▶ **What to produce**: The listing below is to be copied exactly, with pictures excluded.

▶ **The data**:
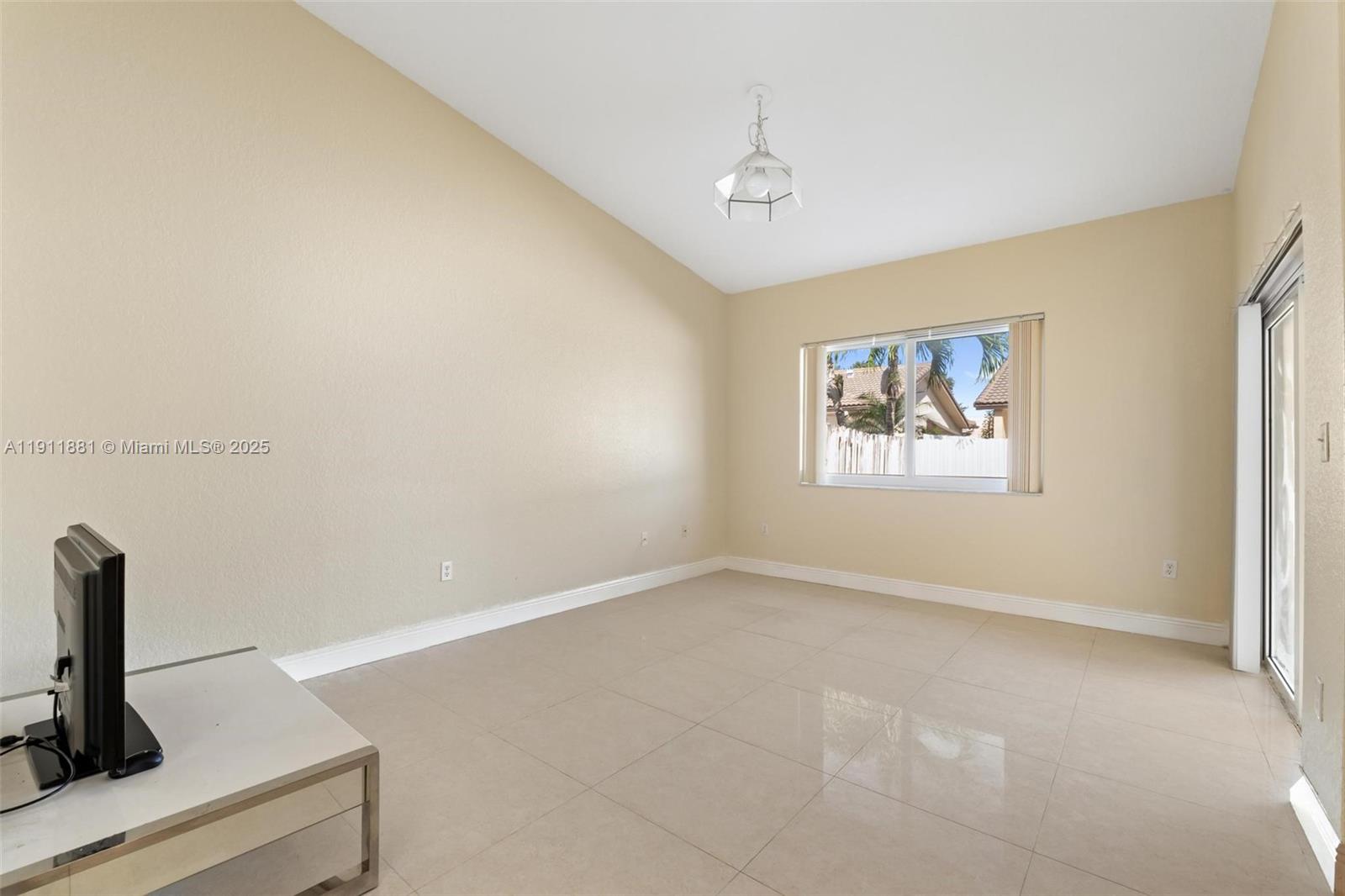 COLORAMA ESTATES - Residential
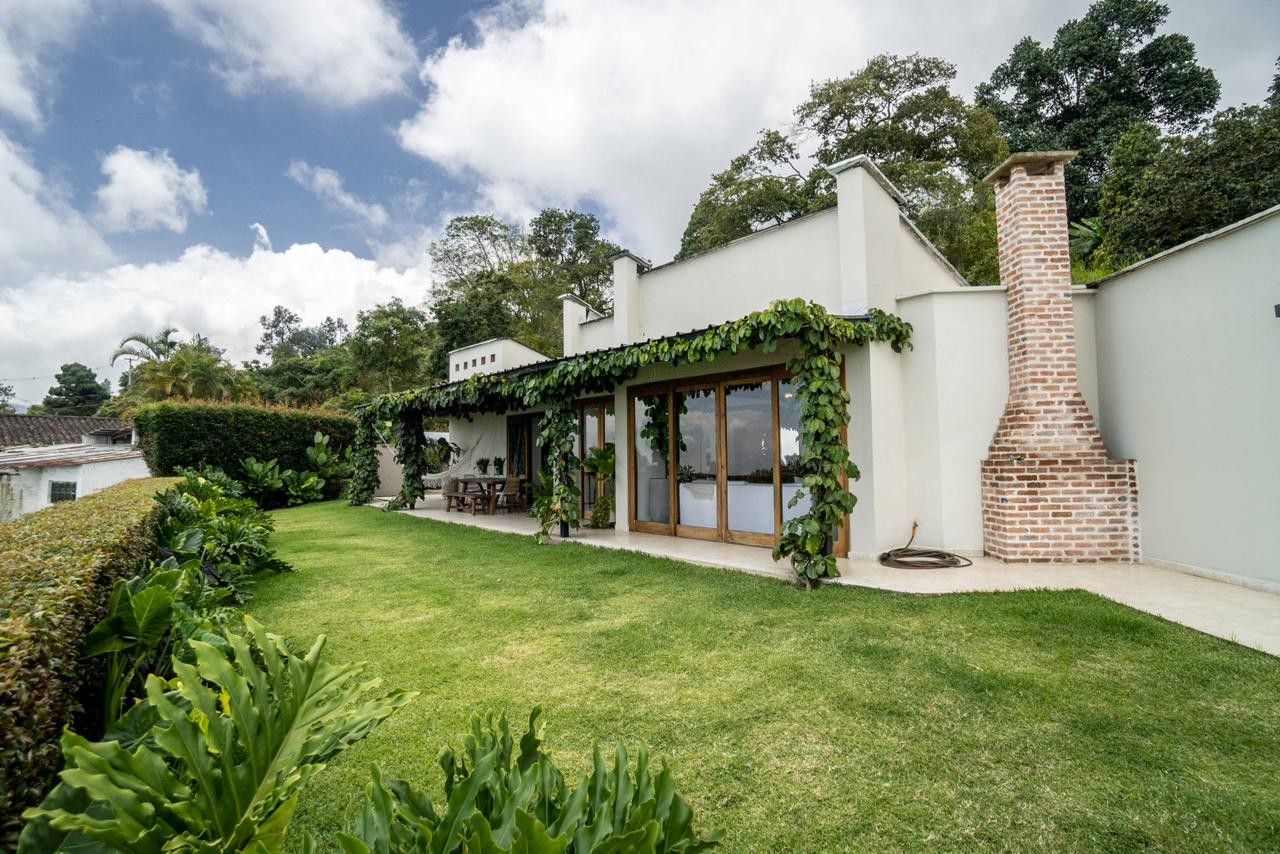 Casa en venta Valle Del Cauca Yumbo Yumbo 370 m2 Habitaciones 4 Baños 4 Garajes 4 Precio $1850000000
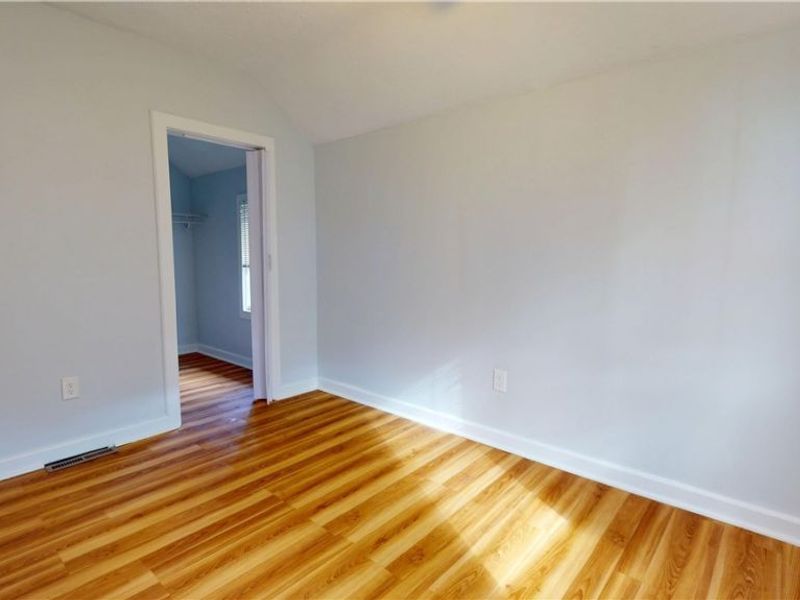 3646 Bailey Avenue, Cleveland, OH 44113 Photo 11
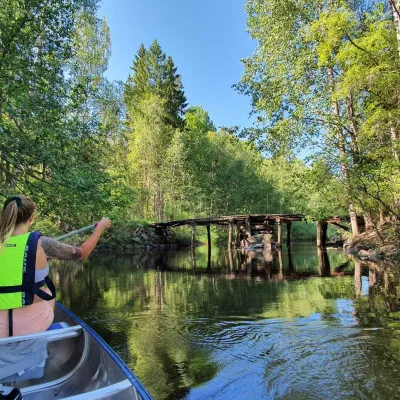 Paddeläventyr för stora och små i Ödmården, med spökbron i sikte.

▶ **The completed task**:
 COLORAMA ESTATES - Residential
 Casa en venta Valle Del Cauca Yumbo Yumbo 370 m2 Habitaciones 4 Baños 4 Garajes 4 Precio $1850000000
 3646 Bailey Avenue, Cleveland, OH 44113 Photo 11
 Paddeläventyr för stora och små i Ödmården, med spökbron i sikte.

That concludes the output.